Soon after, the European company she worked for decided to quit Britain for good, noticing xenophobia and nationalism, Stentzel recalled.
“I was without a job, at the worst time possible, in a country that just voted out to get rid of the foreigners, because, let’s not kid ourselves, the main reason for Brexit was to get rid of the foreigners. Farage and his likes made this very clear,” she said.
Stentzel was sending 30 job applications out every week and could not get a single interview. When on occasion she obtained one, she recalled being asked to prove her right to stay in the UK, which was illegal at the time since the UK was still in the EU.
Job search and DWP
She also remembers being asked by the DWP to pass a residency test, despite her insistence that he had been living in the UK for seven years, never left the country, even briefly, and that the government should have all per payslips to prove this.
“The advisor told me, ‘it’s gonna be more and more difficult for you, we have to follow orders’,” she said.
She added: “Then, I received a letter from the DWP saying I lost the right to reside in the UK , therefore I should start to make plans to return to my country. Of course, this letter was illegal, and with the help of my MP, we replied and they apologised.
Then, one day, Stentzel was on a Kent bus from Folkestone to Canterbury and she was about to experience her first xenophobic abuse.
Xenophobic abuse made her leave before she could start hating the UK
“It was freezing in the bus, and as the windows were opened, I kindly asked a guy if he could shut the windows. Noticing my strong French accent, he told me: ‘you know what, b*tch, if you are not happy, return to frogland’.
“I was taken aback by the verbal violence against me, but what hurt me more is that the bus was packed and no one told him that he couldn’t talk to me like this.”
On another occasion, she was in Canterbury talking on the phone with her daughter in English and, noticing her French accent, a few youngsters spat on her and shouted abuse.
“That was the moment where I took my decision to leave this country, before I [could have] started to despise it, because I never wanted to tar everybody with the same brush. I still have wonderful friends in the UK.”
Since she left in 2018, a lot of EU citizens followed suit in a Brexodus which Stentzel thinks is making the UK poorer.

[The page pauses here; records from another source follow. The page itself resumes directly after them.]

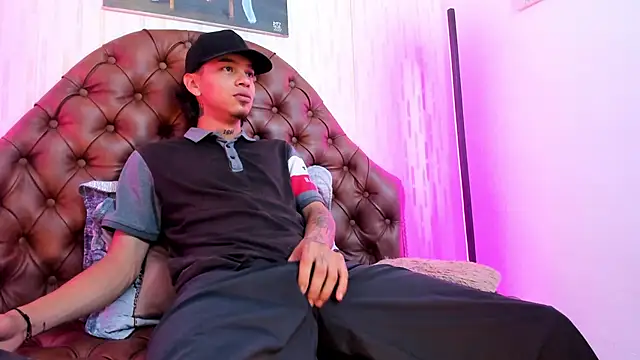 noah blake0 online show from October 24, 2025, 2:08 am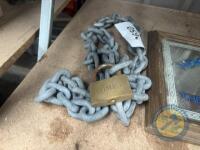 Chain & padlock - 2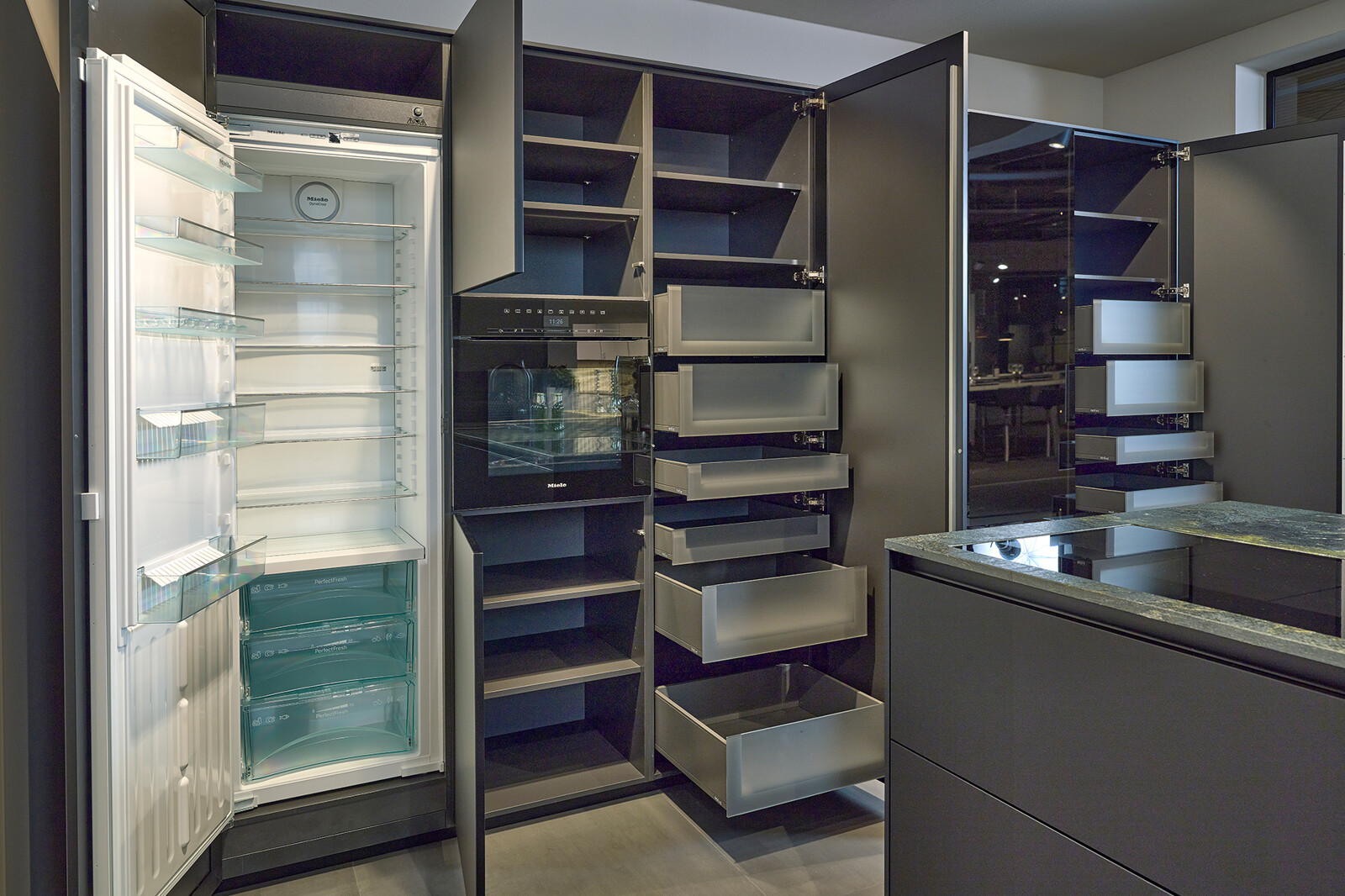 Showroomkeuken: next125 designkeuken in metallic Inox SensiQ - veel binnenlades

‘I still grieve’ – and this is my life in France now
“As for me,” she said, “I still grieve and will never cease to be sad, because England was my country, the one I chose, the one I loved with all my heart. I didn’t choose to be born in France, but I did choose England as my home. Leaving was the hardest decision of my life, but staying wasn’t an option anymore.”

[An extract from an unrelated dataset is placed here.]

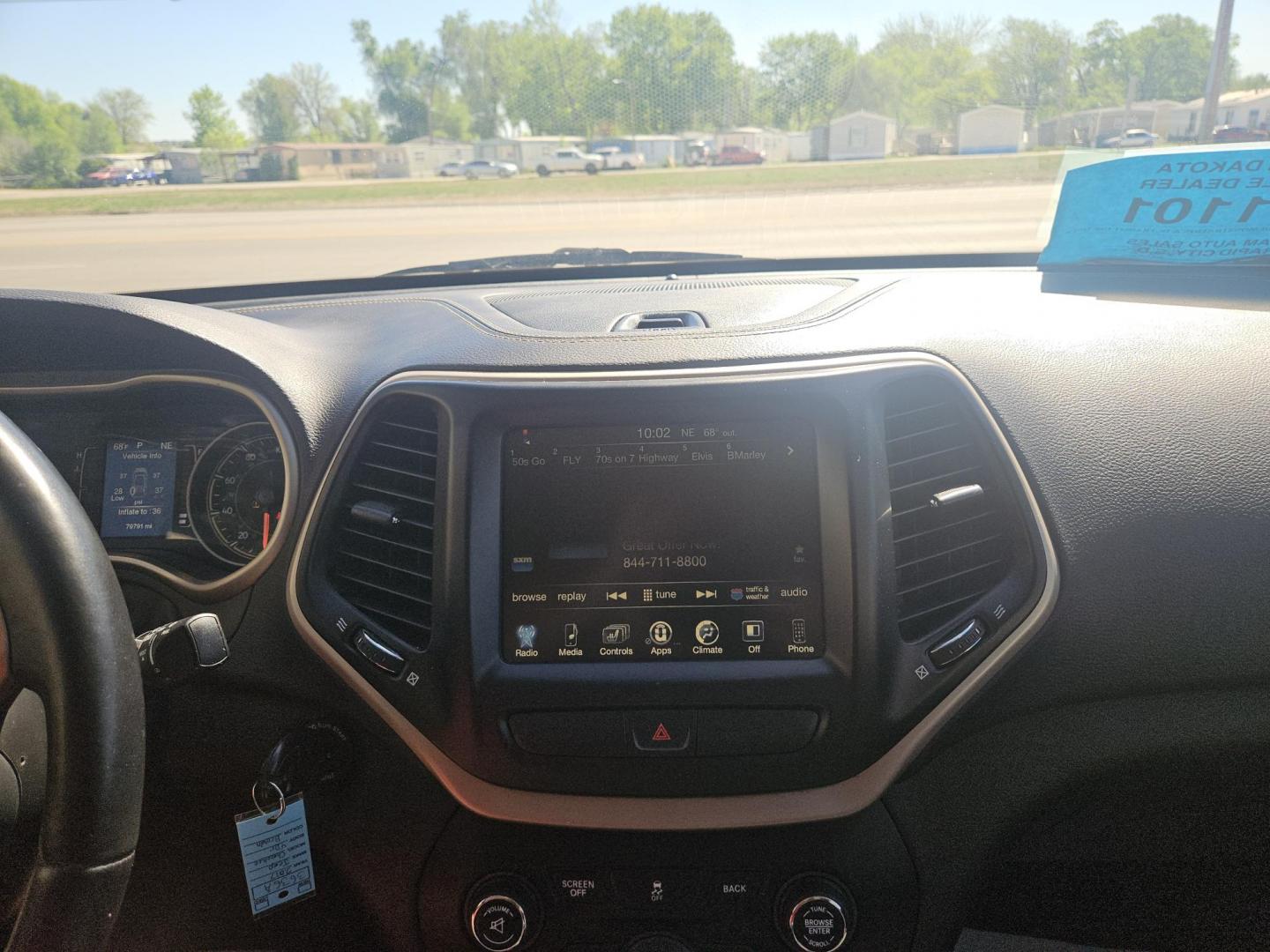2017 Jeep Cherokee Latitude 4WD (1C4PJMCB2HW) with an 2.4L L4 DOHC 16V engine, 9A transmission, located at 2015 Cambell Street, Rapid City, SD, 57701, (605) 342-8326, 44.066433, -103.191772 - fresh trade carfax available - Photo#7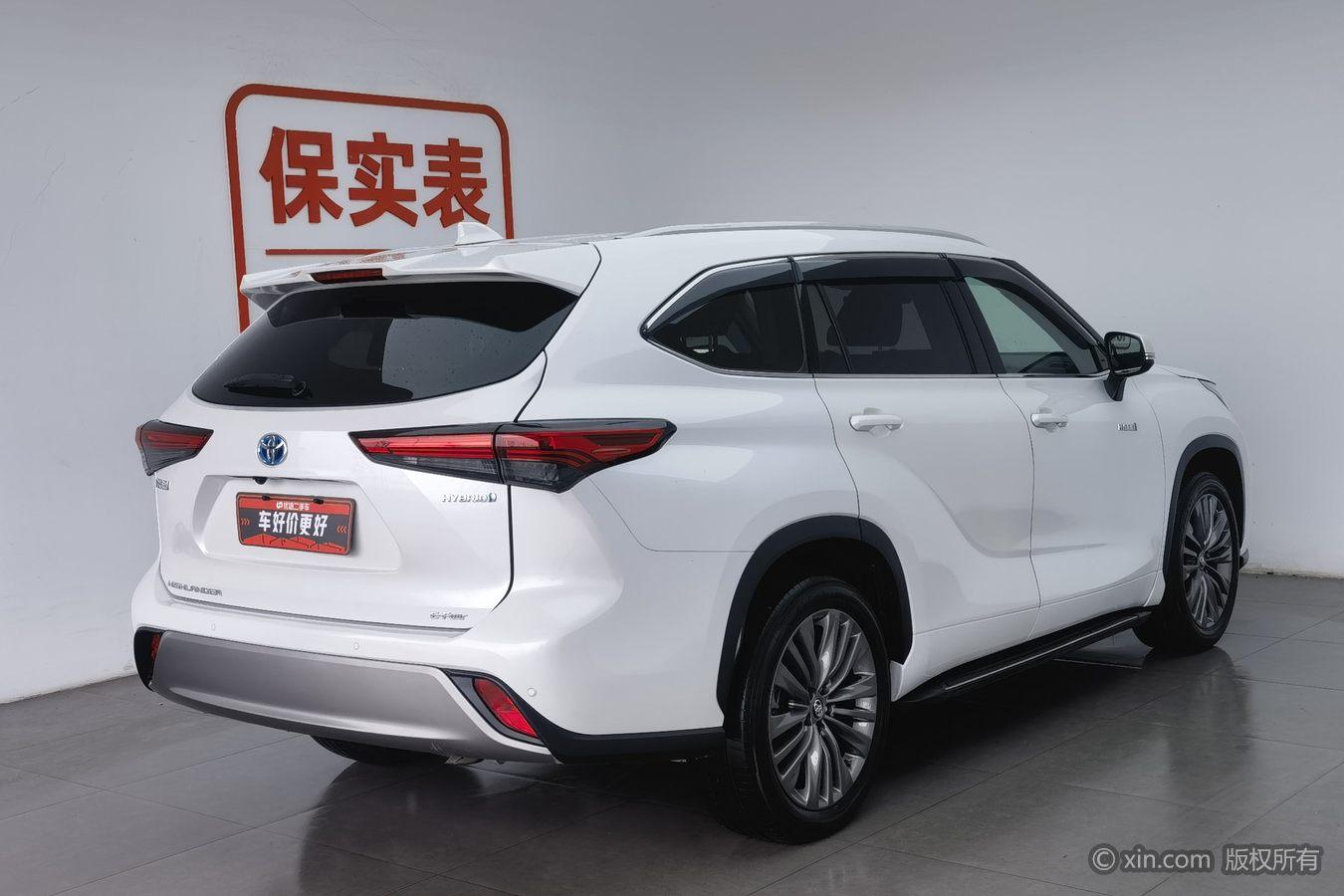 Toyota Highlander 2022 2.5L Luxury 7 мест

Since her return to la Rochelle in France in 2018, she feels she cannot adapt because she doesn’t “share the French mentality”.

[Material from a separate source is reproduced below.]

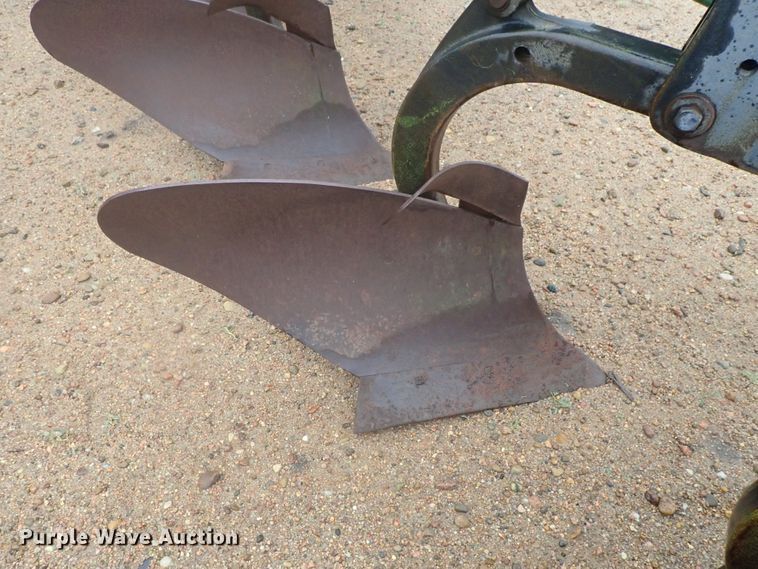 image for item GR9159 John Deere 2600 six bottom plow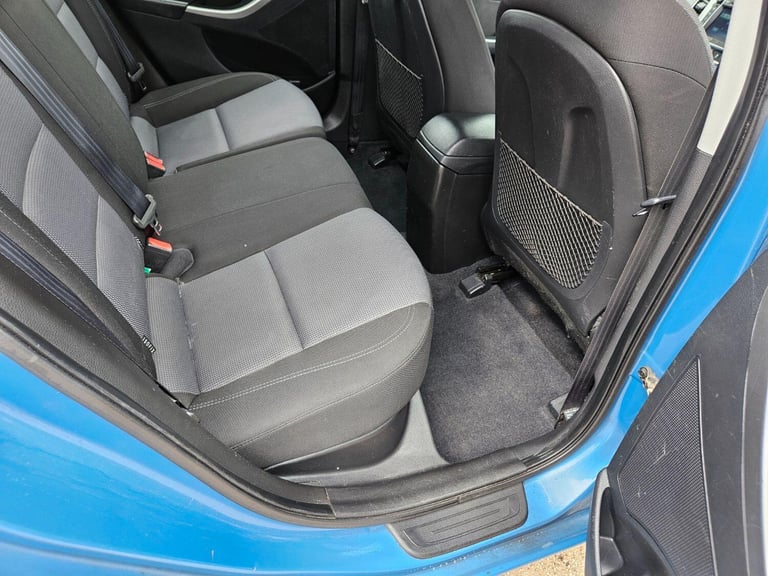 HYUNDAI I30 1.6 CRDi Blue Drive Style Nav 2012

The grief and stress made her very sick and she feels unable to work full-time, instead continuing her translation work on a freelance basis.
Was it the right decision to leave Kent?
“At the time, it was the only decision I could see as I was depressed, without a job, and was aware that finding one would be very difficult in Kent. If Brexit were to be cancelled, I would be back, in a heartbeat,” Stentzel admits.
Whilst in France, she has often felt people do not believe her when she talks about Brexit or think she is exaggerating because they lack the first-hand knowledge and experience of what exiting the EU means for the lives of people like her.
Despite not feeling understood, she is still fighting. “I will never stop to talk about Brexit, especially at a time where in France, a few far-right politicians want Frexit, saying that Brexit is a great thing for the UK,” Stentzel concluded.
The DWP has been contacted for comment.